Croker began working with Nat Buchanan in 1877, and became considered his 'right-hand man', and in the same year they became the first Europeans to cross the Barkly Tableland. Croker was then employed on a number of Buchanan's properties, including Wave Hill Station (which was established in 1882), where it is recorded that he was involved in reprisals and massacres of the Gurindji people living there. One such recorded incident, shortly after the establishment of the station, was when Croker shot a man in the back for attempting to take a bucket.

In 1882 he was also involved in the Red Lilly Lagoon Massacre on Elsey Station in which, in reprisal for the 15 July death of Duncan Campbell in which 20 Mangarayi people were killed. During this massacre Croker assisted Augustus Lucanus; Charlie Flannigan is believed to have been in this area and escaped them at the time.

An earlier recorded incident was in December 1878, at Glencoe Station, where Croker led a reprisal massacre following the death of station hand William Travers. In this massacre Croker killed many local Aboriginal people whether they had been involved in Travers' death or not.

At the time of his death Croker was 40 and was the acting manager of Auvergne Station, while the manager Jack Watson was away. He had brought with him Flannigan, who he had known for some time and had recruited from Wave Hill Station, to construct cattle yards; it was offered as a week of work. In their time together Croker bullied Flannigan and Flannigan later stated, in a statement to police, that Croker would often shoot at cattle close to him to intimidate him.

On the night of Croker's death the two men had an argument over cards and after death Flannigan handed himself over to the authorities and was later sentenced to death and executed at Fannie Bay Gaol on 15 July 1893; this was the first official execution in the Northern Territory.
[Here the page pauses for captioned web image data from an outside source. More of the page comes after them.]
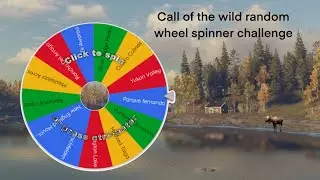 The Hunter Call of the Wild Random wheel Picker Challenge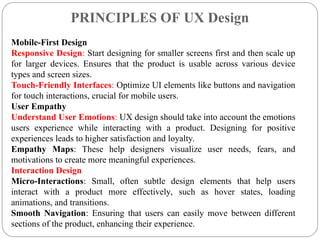 PRINCIPLES OF UX Design
.
Mobile-First Design
Responsive Design: Start designing for smaller screens first and then scale up
for larger devices. Ensures that the product is usable across various device
types and screen sizes.
Touch-Friendly Interfaces: Optimize UI elements like buttons and navigation
for touch interactions, crucial for mobile users.
User Empathy
Understand User Emotions: UX design should take into account the emotions
users experience while interacting with a product. Designing for positive
experiences leads to higher satisfaction and loyalty.
Empathy Maps: These help designers visualize user needs, fears, and
motivations to create more meaningful experiences.
Interaction Design
Micro-Interactions: Small, often subtle design elements that help users
interact with a product more effectively, such as hover states, loading
animations, and transitions.
Smooth Navigation: Ensuring that users can easily move between different
sections of the product, enhancing their experience.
The trial and subsequent execution was covered by media around Australia and was regularly covered in the Northern Territory media.

== Description ==
Gordon Buchanan, the son of Nat Buchanan, described Croker as:

Fair of medium height and wiry build ... a natural backwoodsman, hardy and accustomed to hunt for a live on "bush tucker" all kinds, from dingo and snakes to barramundi and wild duck ... Though not a good tracker, he had all the other bush craft of [an Aboriginal person] ... Not a great stockman and horseman ... yet he was equal to any bush emergency ... never enthusiastic, yet never downhearted, he was generally cheerful, imperturbable, with a tendency to romance, and to chaff and banter.
— Gordon Buchanan giving a description of Sam Croker

== Grave ==
Croker's grave is located at Auvergne Station, 59 km from Timber Creek.

== Legacy ==
Croker is remembered in the naming of a number of locations in the Northern Territory:

- Croker Creek, on Wave Hill Station, on Gurindji country, is named for Croker.
- Croker Street, in Katherine, Northern Territory.
- Croker Street, in Nakara, Northern Territory.